Many network attacks gaining attention today are advanced persistent threats (APT) that aim to maintain access for long-term data exfiltration. The advent of cloud infrastructure provides a new avenue of defense against persistent network attacks. The ability to plan the destruction and re-creation of virtual machines in the cloud environment can dramatically reduce the time an attacker has in your infrastructure. Groups like Netflix and others have been pioneering activities like this for some years now. Organizations migrating to the cloud should consider ways to use the unique benefits of virtual machine management to reduce their risk from APT attacks.
Advanced Persistent Threats Are Not Going Away
Attacks against the Office of Personnel Management (OPM), Target, Saudi Aramco, Sony, and others are proving that APTs are becoming the new normal for nation-state and organized crime cyber-attacks. For purposes of this discussion, we’ll define an advanced persistent threat as “a network attack in which an unauthorized person [or group] gains access to a network and stays there undetected for a long period of time.”1 APTs can be difficult to detect, often requiring deep investigation to recognize all of the systems and files that the APT has compromised. An APT goal is to maintain persistence on the network. To that end, APTs can implement many back-door communication channels on different systems in the network, making these attacks difficult to remediate. As a result, organizations must make a near term decision between eliminating the threat or allowing an attacker to remain active in the network so defenders can determine the full extent of the compromise. Regardless of the near term decision, recovery from an APT attack typically requires complete rebuilds of compromised systems after details of the attack are understood and the attackers purged from the network.2
With the power and cost efficiencies of the cloud, these servers are now virtual machines that can be spun up or destroyed in minutes.
The Cloud Is Changing More Than Just Finances
Most public and private organizations move to the cloud for rapid scalability (think the Internal Revenue Service during tax season) and to reduce management costs. For applications that are optimized to take advantage of cloud capabilities, cloud migration can create significant savings. Cloud computing also allows for quick, automated creation and destruction of virtual machines (VMs). This capability provides interesting possibilities for cybersecurity defense in the cloud.
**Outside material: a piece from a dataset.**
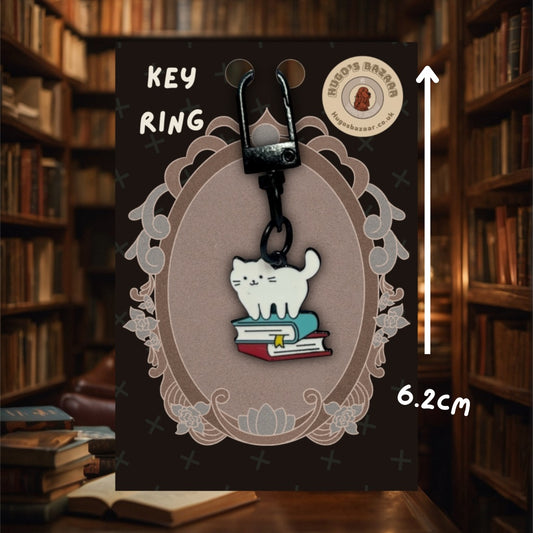 Brontë Cat Keyring – Literary Cat Keychain for Book Lovers | Bookish Cats Collection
Take a Page from Wildfire Management—Use the Cloud to Reduce Risk
Every year, many homes and countless acres of wildlife habitat across the western United States are devastated by wildfires. These fires are difficult to predict (many are started by lightning strikes or careless campers) and are hard to control. To reduce the fires’ impact, federal, state, and local groups focus part of their efforts in the off-season on conducting “prescribed burns”3 to reduce the impact that wildfires can have during the dry season. These prescribed burns create natural fire breaks and destroy dead trees and brush to reduce the amount of fuel available to a fire. This advance activity helps limit a wildfire’s spread.
In a similar way, conducting regular culls of your cloud VMs also limits intruders’ ability to remain persistent in the environment (i.e., dead wood) and impacts their ability to spread malware to other VMs in the environment (fire break). If idle hands are the devil’s workshop, then idle, persistent VMs in our cloud environments are a hacker’s dream. Frustrating attackers should always be a priority.
Stop Treating Your Servers (VMs) Like Children!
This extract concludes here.